Clarence Hudson White, 1871-1925

By Zachary Vincent

The Kiss, 1904, platinum print laminated on Japanese paper

From small town Ohio to the roaring New York City of the early twentieth century, Clarence Hudson White was part of the most critical years in the history of American photography. Through his work and the work of his contemporaries in the Photo-Secession movement, photography came to be seen not just as a way of recording the surrounding world, but a means of making commentary on that world and getting at bigger universal truths in the way only art can. With his unique style of sensuality, attention to detail, and philosophical allusions, Clarence Hudson White can be described as the heart of the Photo-Secession movement as much as the famed Alfred Stieglitz was its mind.

White was born in the small town of New Carlisle, Ohio on 8th April 1871. The extent to which White’s childhood and young adult life in the rural Midwestern United States influenced his art is a subject of debate amongst historians of White’s work. While it did not prevent him from corresponding with photographers working as far away as New York City and Europe, the kind of life he led certainly impacted the way he approached his artistic practice. White worked as a bookkeeper during the day but would dream of photography at night. It is said that he would plan his shoots for days, limited as he was in funds for ample film, and would spend hours staging his subjects to get the perfect shot. His incorporation of the natural world in his photography before his move to New York in 1906 is just partial evidence of the importance of rural life to his photographic practice. The beautiful, clean dawn light illuminating his photos of this era is a further testament to his years of amateur practice, in which he would have to make his art before the workday – and it would influence his style even after early-morning work was no longer necessary. In a way, he always carried a piece of his Ohio photographic roots with him wherever he went.
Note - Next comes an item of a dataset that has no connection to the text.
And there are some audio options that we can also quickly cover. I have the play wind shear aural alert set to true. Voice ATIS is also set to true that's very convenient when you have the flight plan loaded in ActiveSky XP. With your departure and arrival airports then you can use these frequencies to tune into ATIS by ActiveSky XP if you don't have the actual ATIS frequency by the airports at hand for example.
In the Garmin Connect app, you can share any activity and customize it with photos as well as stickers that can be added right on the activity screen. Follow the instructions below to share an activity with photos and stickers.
Evening - Mother and Boys, 1905, platinum print

White’s thematic material is a window into his personal life and beliefs. The centrality of his loved ones in his oeuvre, especially his wife Jane and his children, is telling of his priorities as a family man (and of his family’s endless patience with his conscientiousness). It also allows his art to interrogate themes of privacy, domesticity, and gender. White’s treatment of women in his photographs ranges from sensual and objectifying to mystical to simple and domestic. He was undoubtedly fascinated by the relationship between the feminine and symbology, a feature of many other Pictorialist photographers of the era. Setting him apart from his contemporaries, though, is his diversity of approaches to the subject of women. In The Kiss of 1904, there is an ambiguity of subject which could appear either as sensual or matriarchal, depending on one’s perspective – and which makes the viewer hyperaware of their own position as an onlooker, something potentially unsettling. This is very different from Evening – Mother and Boys of 1905, in which the powerful holiness of motherhood is conveyed through dramatic scenery and timelessly innocent child nudity. In White’s work, the feminine is at once natural and supernatural, unknowable and intimate. It provides a fascinating view into the mind of a male photographer in a patriarchal society bridging the nineteenth and twentieth centuries in the United States.
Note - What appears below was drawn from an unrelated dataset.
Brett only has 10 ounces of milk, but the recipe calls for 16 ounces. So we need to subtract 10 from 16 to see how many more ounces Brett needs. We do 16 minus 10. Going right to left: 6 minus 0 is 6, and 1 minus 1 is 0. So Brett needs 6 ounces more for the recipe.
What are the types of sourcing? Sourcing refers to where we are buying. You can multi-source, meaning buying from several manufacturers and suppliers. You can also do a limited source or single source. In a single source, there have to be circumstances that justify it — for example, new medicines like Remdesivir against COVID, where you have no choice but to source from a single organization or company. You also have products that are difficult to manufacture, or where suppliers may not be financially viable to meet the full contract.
Further themes explored by White include arguably Socialist ones: the importance of individual labour and collective craft and the freedom of a society in communion with itself. Critics have seen themes from Walt Whitman as well as Henry Morris and the Arts and Crafts movement in White’s photography. Such is the diversity of the artist’s practice that he also dabbled in commercial photography and photographic illustration for books, activities perceived as transgressions against the lofty goals of the Photo-Secession movement in the mind of its founder Alfred Stieglitz. His falling out with White was undoubtedly linked to White’s willingness to explore the many applications of photography for the modern world, not only those purely for perception as ‘high art’. Despite their differences of opinion, both artists helped to shape the early years of the Photo-Secession movement with their Camera Work journal and their collaborative exhibitions and educational efforts.

From White’s breakthrough into the global photography scene with his success at the 1898 exhibition at the Pennsylvania Academy of Fine Arts through his many domestic and international exhibitions to his legacy as an educator with the schools he established in New York, Connecticut, and Maine, the artist was committed to taking beautiful pictures. Perhaps more importantly, he was devoted to taking meaningful ones, which has ensured his own enduring value to the photographic community long after his death in 1925.

 

Bibliography

“Clarence H. White”. Art Institute of Chicago. Accessed 4 April 2024. https://www.artic.edu/artists/37282/clarence-h-white.

McCauley, Anne. Clarence H. White and His World: The Art and Craft of Photography, 1895-1925. Princeton: Princeton University Press, 2017.